IN THE MAGISTRATE’S COURT AT LAUTOKA


Criminal Case No 354/08


BETWEEN


THE STATE


AND


  1. PREM CHAND
  2. WILLIAM DRASUNA
  3. KAMINIELI DONU ( ALREADY DEALT WITH)
  4. TUPOU VUETAKI
  5. SAULA LALAGAVESI
  6. EMORI LAGAI

JUDGEMENT


  1. The Accused persons are charged with the following counts;

1st Count


Statement of offence


Larceny contrary to section 259& 262 of the Penal Code


Particulars of offence

Prem Chand in the month of January 2008 at Lautoka in the Western Division stole the ignition key of vehicle registration number DE 407 valued $ 30 the property of Vinod Kumar.


2nd Count


Statement of offence


Conspiracy to commit felony contrary to section 385 of the Penal Code


Particulars of offence


William Drasuna, Kaminieli Donu, Tupou Vuetaki, Saula Lalagavesi and Emori Lagai on the 1st day of May 2008 at Lautoka in the Western Division conspired with each other to commit a felony namely robbery with violence.


3rd Count


Statement of offence


Unlawful use of motor vehicle contrary to section 292 of the Penal Code


Particulars of offence


William Drasuna, Kaminieli Donu, Tupou Vuetaki and Saula Lalagavesi on the 2nd day of May 2008 at Lautoka in the Western Division unlawfully and without colour of right but not as to be guilty of stealing took their own use motor vehicle registration number DE 407 the property of Hydraulic Hose Limited.

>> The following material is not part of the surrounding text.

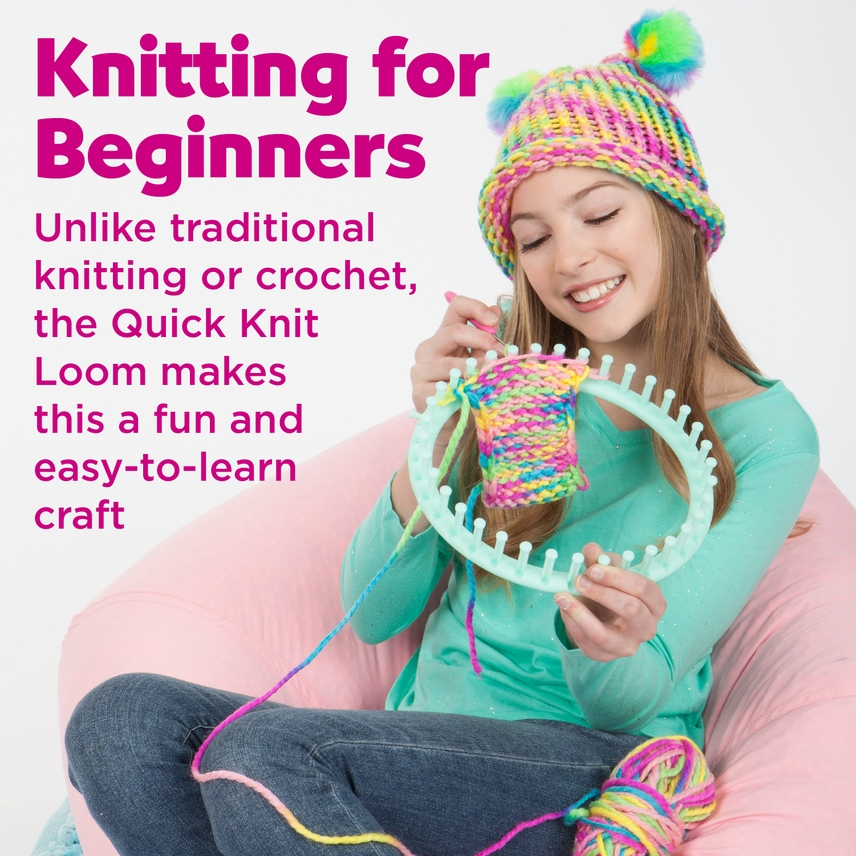 Educational Quick Knit Loom Kit – Beginner Knitting, Math & Fine Motor Skills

  1. The 3rd Accused pleaded guilty on the 18th March 2010 and was sentenced accordingly. Later the trial started on the 10th September 2010 against the 1st, 2nd, 4th, 5th and the 6th Accused and it was concluded on the 08th May 2012. The Prosecution called 9 witnesses and after the prosecution case was closed the Court held that there is a case made out against the Accused for them to reply. Accused 1,2,4,5 and 6 gave evidence and Accused 4, 5 and 6 called witnesses too.

The Law


  1. Larceny is defined in Section 259(1) as; “A person steals who, without the consent of the owner, fraudulently and without a claim of right made in good faith, takes and carries away anything capable of being stolen with intent, at the time of such taking, permanently to deprive the owner thereof:”
  2. Section 385 of the Penal Code reads as follows;

“Any person who conspires with another to commit any felony, or to do any act in any part of the world which if done in Fiji would be a felony, and which is an offence under the laws in force in the place where it is proposed to be done, is guilty of a felony, and is liable, if no other punishment is provided, to imprisonment for seven years, or, if the greater punishment to which a person convicted of the felony in question is liable is less than imprisonment for seven years, then to such lesser punishment.”


  1. Section 292 of the Penal code stipulates the offence of unlawful use of motor vehicle as follows;

“Any person who unlawfully and without colour of right, but not so as to be guilty of stealing, takes or converts to his own use or to the use of any other person, any draught or riding animal or any vehicle or cycle, however propelled, or any vessel, is guilty of a misdemeanour, and is liable to imprisonment for six months, or to a fine of one hundred dollars, or to both such imprisonment and such fine.”


First Count


  1. I will first deal with the first count as only the first Accused is charged the first count. The first Accused is charged for allegedly stealing the ignition key of vehicle registration number DE 407.
  2. The Prosecution witness Vinod Kumar gave evidence that the vehicle registration number DE 407 was a company vehicle and it was in his custody fulltime. He said sometimes between the 1st January and the 31st January 2008 he was drinking liquor with the first Accused at the workshop. He said that he slept for about 2-3 hours and when he woke up he found out that his wallet and the ignition key had gone missing. He said later he used the spare key. The witness said that on the 2nd May 2008 the vehicle registration number DE 407 was found to be missing from the place where he parked it. He said that later on the day he recognized the vehicle at the Police Station and he saw the first Accused was also in the Police custody. The witness said that the first Accused told him that he took the key and gave it to a person called “Junior”. During the cross examination the first Accused only asked one question from the witness and the first Accused could not challenge the evidence given by the witness.
  3. The Prosecution witness, Jay Singh also known as “Junior Bosco” confirmed that the first Accused gave an ignition key of a vehicle belongs to a company named Hydraulic Hose. The witness replied the only question asked by the first Accused during cross examination in the following manner;

Q: You said I gave the key. But I am putting to you that you are lying?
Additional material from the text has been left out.